### Your goal:
The line containing "CMG392 15.5 inches", and every line after it to the end of the listing, should be repeated exactly; the pictures should not.

### Information provided:
■ ■ ■ ■
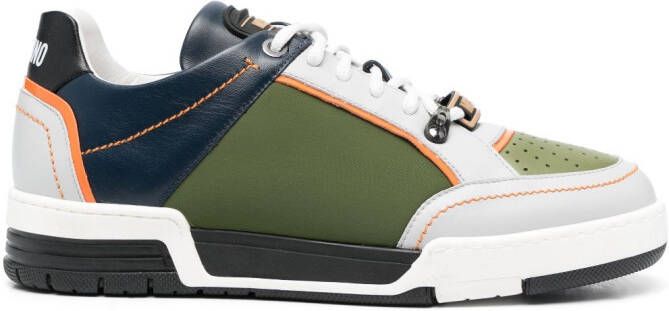 Moschino Sneakers met colourblocking Groen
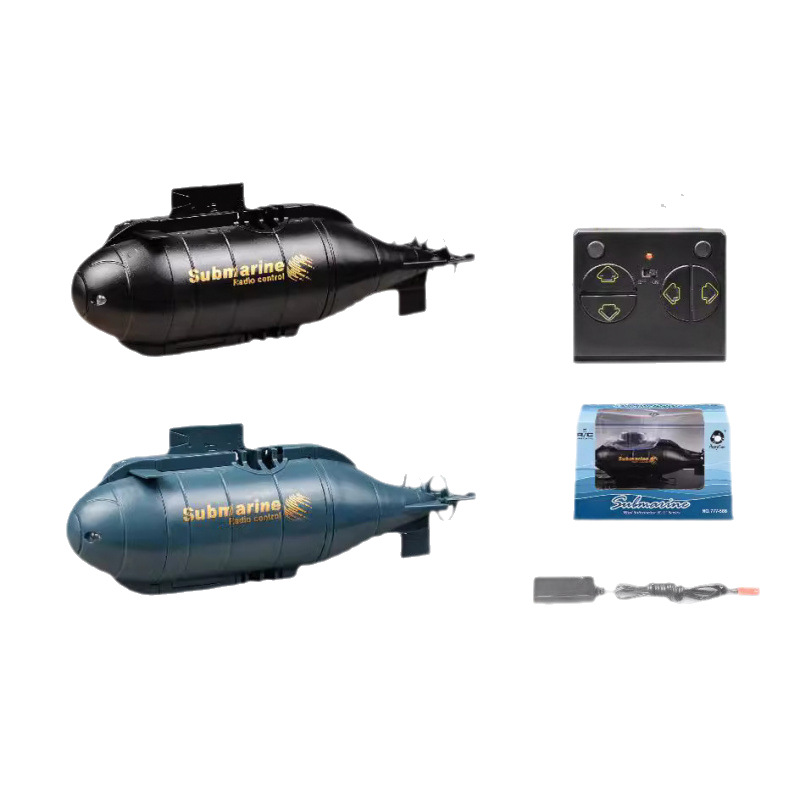 Cross-border mini wireless remote control submarine six-channel remote control boat rechargeable male electric remote control toy boat model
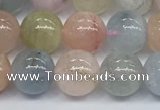 CMG392 15.5 inches 8mm round morganite gemstone beads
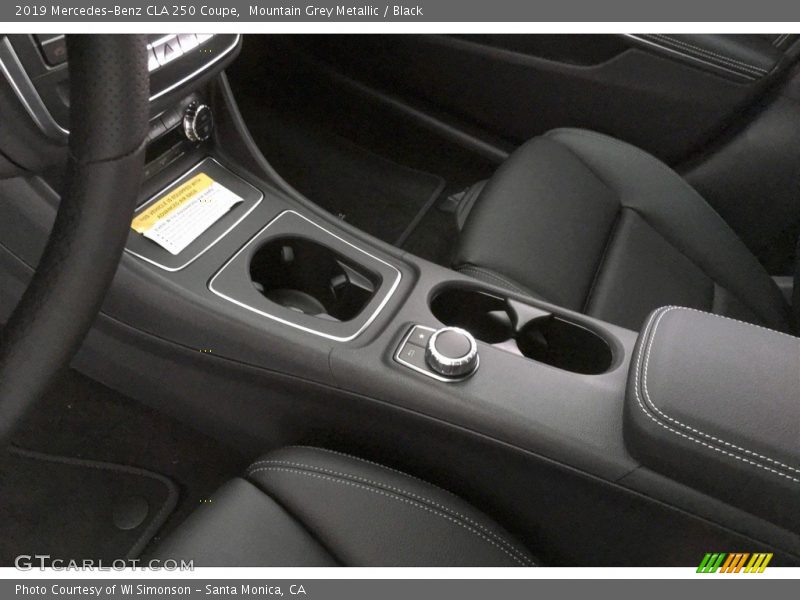 Mountain Grey Metallic / Black 2019 Mercedes-Benz CLA 250 Coupe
■ ■ ■ ■
### The completed task:
 CMG392 15.5 inches 8mm round morganite gemstone beads
 Mountain Grey Metallic / Black 2019 Mercedes-Benz CLA 250 Coupe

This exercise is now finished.